▶ [What the task asks]: Take the line containing "പത്താം വളവ്の背景画像" and every line after it to the end of the records, and copy them exactly, excluding pictures.

▶ [Records shown]:
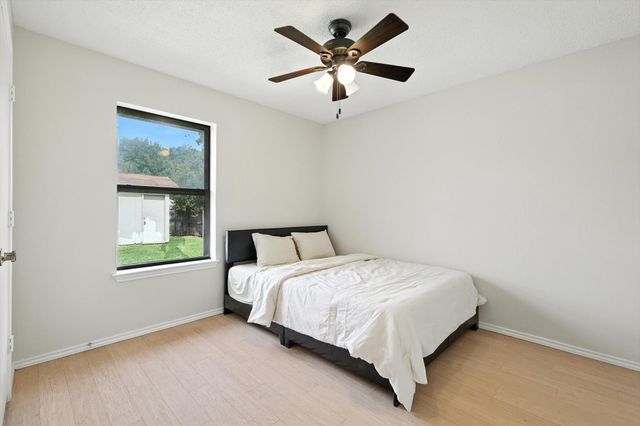 2613 New Bedford Court, Bedford, TX 76022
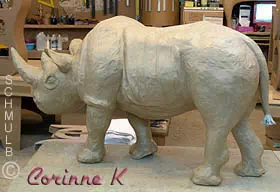 Modelage et sculpture d'un rhinoceros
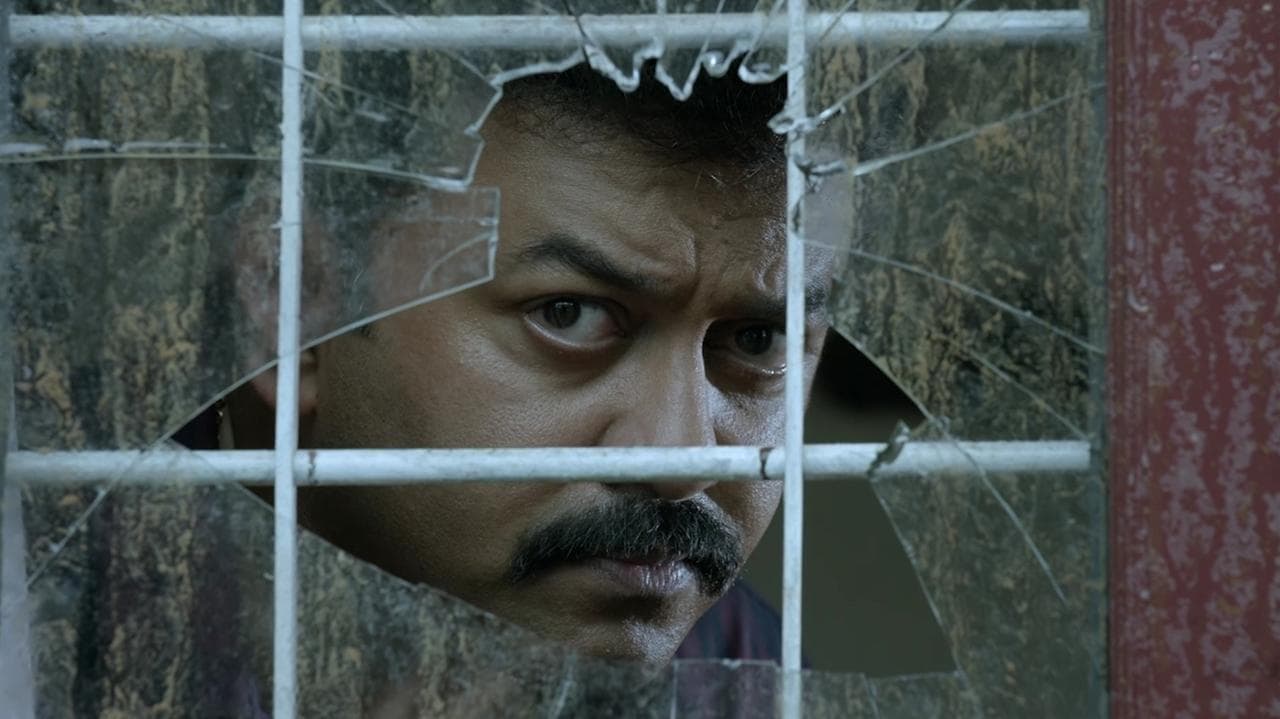 പത്താം വളവ്の背景画像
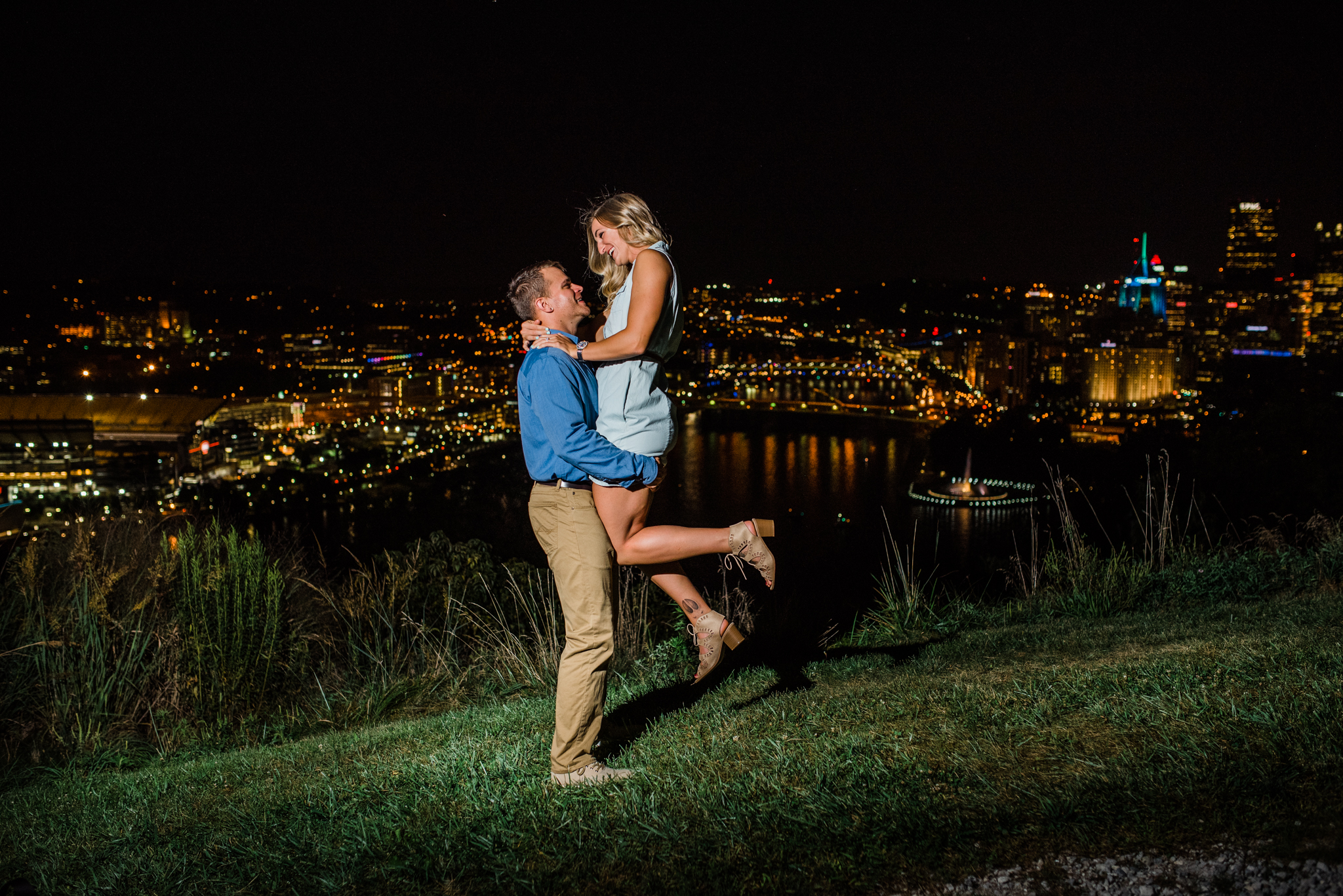 classypittsburghdowntownengagement1-6968.jpg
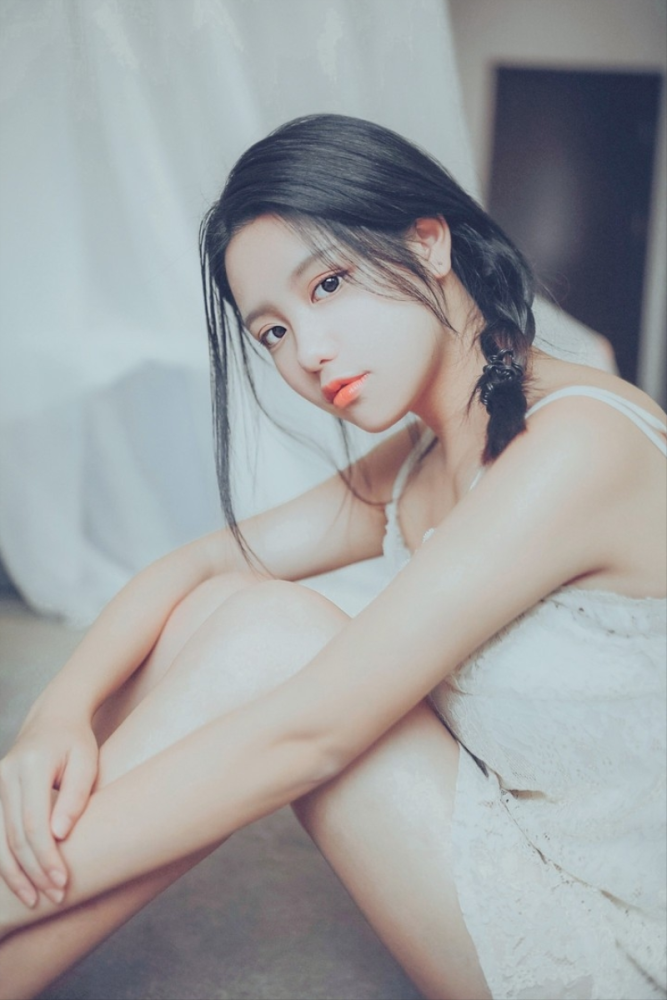 朦胧感觉的女神,颗粒感复古写真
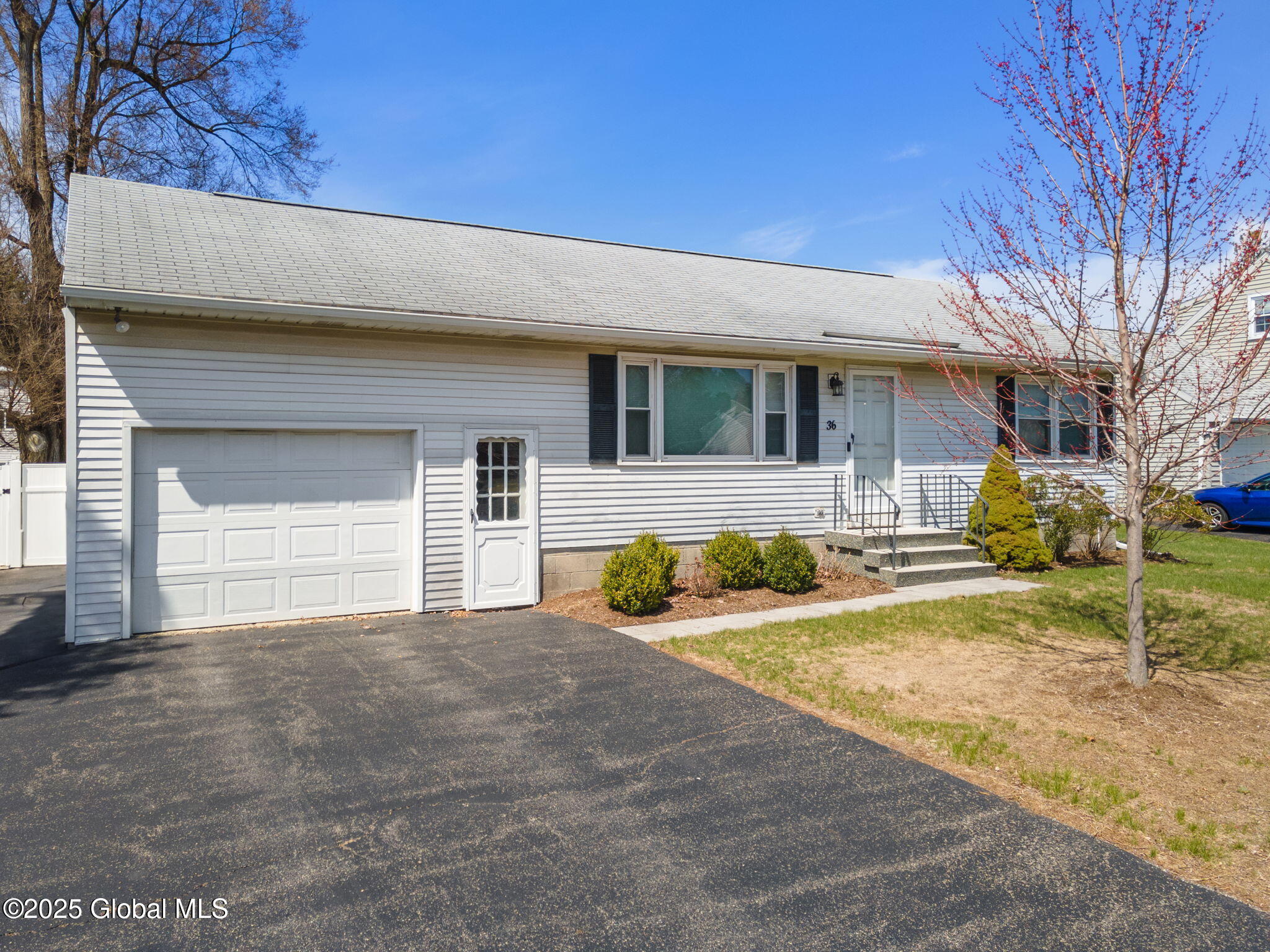 36 Red Fox Drive, Colonie, New York image 6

▶ [Your response]:
 പത്താം വളവ്の背景画像
 classypittsburghdowntownengagement1-6968.jpg
 朦胧感觉的女神,颗粒感复古写真
 36 Red Fox Drive, Colonie, New York image 6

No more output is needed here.